It's possible that no single event since the Second World War led to more bloodshed. His removal led to the installation by Belgium and its Western Allies of the dictator Mobutu Sese Seko, decades of war and instability in the region and the Congolese Civil War of the late 1990's and 2000's. The total deaths caused by that war was well over 5 million. It was the biggest war since the Second World War and was the direct result of the actions of the Belgians (with the active support of the American's, French and British) in the 1960's which overthrew a democratically elected government and plunged tens of millions of people into poverty and hopelessness.
Belgium, and their king Leopold II, were already responsible for the deaths of upwards of 10 million people in the Congo region so they had a track record in mass murder.

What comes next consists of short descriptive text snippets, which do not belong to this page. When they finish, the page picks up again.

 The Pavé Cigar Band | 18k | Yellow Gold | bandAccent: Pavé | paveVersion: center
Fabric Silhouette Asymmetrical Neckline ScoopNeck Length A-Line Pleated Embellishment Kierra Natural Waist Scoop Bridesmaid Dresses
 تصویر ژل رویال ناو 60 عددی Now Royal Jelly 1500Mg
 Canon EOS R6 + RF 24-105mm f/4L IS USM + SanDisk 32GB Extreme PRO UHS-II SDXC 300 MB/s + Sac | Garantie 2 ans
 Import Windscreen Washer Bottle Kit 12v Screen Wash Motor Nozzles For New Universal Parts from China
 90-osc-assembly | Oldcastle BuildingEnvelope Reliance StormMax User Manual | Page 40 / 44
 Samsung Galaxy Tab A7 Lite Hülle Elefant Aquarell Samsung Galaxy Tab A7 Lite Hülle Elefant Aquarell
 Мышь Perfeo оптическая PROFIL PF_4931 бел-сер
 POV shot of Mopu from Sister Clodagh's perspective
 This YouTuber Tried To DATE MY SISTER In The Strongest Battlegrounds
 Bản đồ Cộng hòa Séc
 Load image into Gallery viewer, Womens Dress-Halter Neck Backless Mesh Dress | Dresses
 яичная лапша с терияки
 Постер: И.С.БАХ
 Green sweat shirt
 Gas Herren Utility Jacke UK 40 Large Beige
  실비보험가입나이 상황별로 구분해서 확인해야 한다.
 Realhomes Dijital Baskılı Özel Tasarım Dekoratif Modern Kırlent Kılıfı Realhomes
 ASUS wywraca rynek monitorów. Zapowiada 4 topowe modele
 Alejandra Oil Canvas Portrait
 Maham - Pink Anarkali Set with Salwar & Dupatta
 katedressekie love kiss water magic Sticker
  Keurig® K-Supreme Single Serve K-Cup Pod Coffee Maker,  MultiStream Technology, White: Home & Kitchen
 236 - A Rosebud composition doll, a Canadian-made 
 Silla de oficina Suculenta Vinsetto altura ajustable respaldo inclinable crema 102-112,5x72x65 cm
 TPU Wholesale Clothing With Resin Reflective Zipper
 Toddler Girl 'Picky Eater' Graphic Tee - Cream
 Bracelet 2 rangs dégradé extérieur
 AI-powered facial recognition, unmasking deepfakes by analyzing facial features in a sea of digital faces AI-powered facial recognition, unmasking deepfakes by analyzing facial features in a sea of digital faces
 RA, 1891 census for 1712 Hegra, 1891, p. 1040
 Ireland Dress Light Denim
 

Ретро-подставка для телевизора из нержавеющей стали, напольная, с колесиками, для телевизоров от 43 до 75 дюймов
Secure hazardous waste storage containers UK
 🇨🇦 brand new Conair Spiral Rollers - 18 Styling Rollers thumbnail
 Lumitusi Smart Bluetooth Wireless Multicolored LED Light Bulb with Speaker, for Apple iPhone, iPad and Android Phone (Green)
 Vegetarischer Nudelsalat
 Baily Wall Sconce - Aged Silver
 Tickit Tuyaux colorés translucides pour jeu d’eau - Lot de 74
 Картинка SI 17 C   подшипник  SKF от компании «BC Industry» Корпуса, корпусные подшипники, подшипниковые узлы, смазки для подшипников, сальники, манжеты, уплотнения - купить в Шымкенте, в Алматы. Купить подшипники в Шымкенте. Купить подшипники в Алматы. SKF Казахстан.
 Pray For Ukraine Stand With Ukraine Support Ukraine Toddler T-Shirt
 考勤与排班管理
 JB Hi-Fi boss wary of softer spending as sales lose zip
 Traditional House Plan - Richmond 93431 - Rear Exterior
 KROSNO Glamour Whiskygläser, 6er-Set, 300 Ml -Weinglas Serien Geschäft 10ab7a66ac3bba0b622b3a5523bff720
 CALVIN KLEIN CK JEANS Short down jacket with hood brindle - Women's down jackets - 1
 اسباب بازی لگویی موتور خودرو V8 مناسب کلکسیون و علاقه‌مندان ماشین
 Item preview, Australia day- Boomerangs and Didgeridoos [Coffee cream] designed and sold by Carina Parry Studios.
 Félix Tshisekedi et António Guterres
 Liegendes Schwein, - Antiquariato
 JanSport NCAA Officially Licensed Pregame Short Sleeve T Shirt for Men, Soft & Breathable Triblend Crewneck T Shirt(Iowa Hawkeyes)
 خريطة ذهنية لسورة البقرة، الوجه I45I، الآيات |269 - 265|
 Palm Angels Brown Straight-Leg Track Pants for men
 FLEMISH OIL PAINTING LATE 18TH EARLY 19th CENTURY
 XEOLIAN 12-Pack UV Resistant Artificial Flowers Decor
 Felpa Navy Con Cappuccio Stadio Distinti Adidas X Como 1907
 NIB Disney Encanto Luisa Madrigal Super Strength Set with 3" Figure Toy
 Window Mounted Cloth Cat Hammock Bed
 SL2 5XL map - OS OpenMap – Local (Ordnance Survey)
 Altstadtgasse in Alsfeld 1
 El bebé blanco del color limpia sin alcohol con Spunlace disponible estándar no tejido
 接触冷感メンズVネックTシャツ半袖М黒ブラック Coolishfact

What's remarkable about the Irish Times article is that it makes no mention of Roger Casement, a key player in the eventual removal of Leopold from the ownership of the Congo. Yes, he owned it. The Belgian State bought it from him after the international revulsion felt after his crimes were made public.
My personal political hero is Edmund Dean Morel, the man who took on Leopold and won.

Their mismanagement of the region, including Rwanda contributed significantly to the Rwandan Genocide. Without the murder of Lumumba there's a strong possibility that not have happened either.

So, Belgian ownership of the Congo up to 1960's = around 10 million deaths.
Belgian murder of Patrice Lumumba = around another 7-8 million deaths.

 
The Russians named a University after him.

 
The Russians named a University after him.

I presume the irony is lost on most Russians; a university founded with the stated aim “to give an education to people who had liberated themselves from colonialist oppression”, as Russia attempts to re-conquer it's own former imperial colonies, since most of Ukraine was conquered by Potemkin for Catherine the Great in 1793.

It's a case of History repeating itself as Russia annexed Crimea 10 years previously in 1783 on the pretext of bringing peace to the area and protecting local Russians who had been planted there. The Russians and Ottomans were fighting over whose stooge was going to be in charge in a nominally independent Crimea.

Putin is copying from her Imperial Playbook but he's no Catherine the Great and he certainly doesn't have a Potemkin.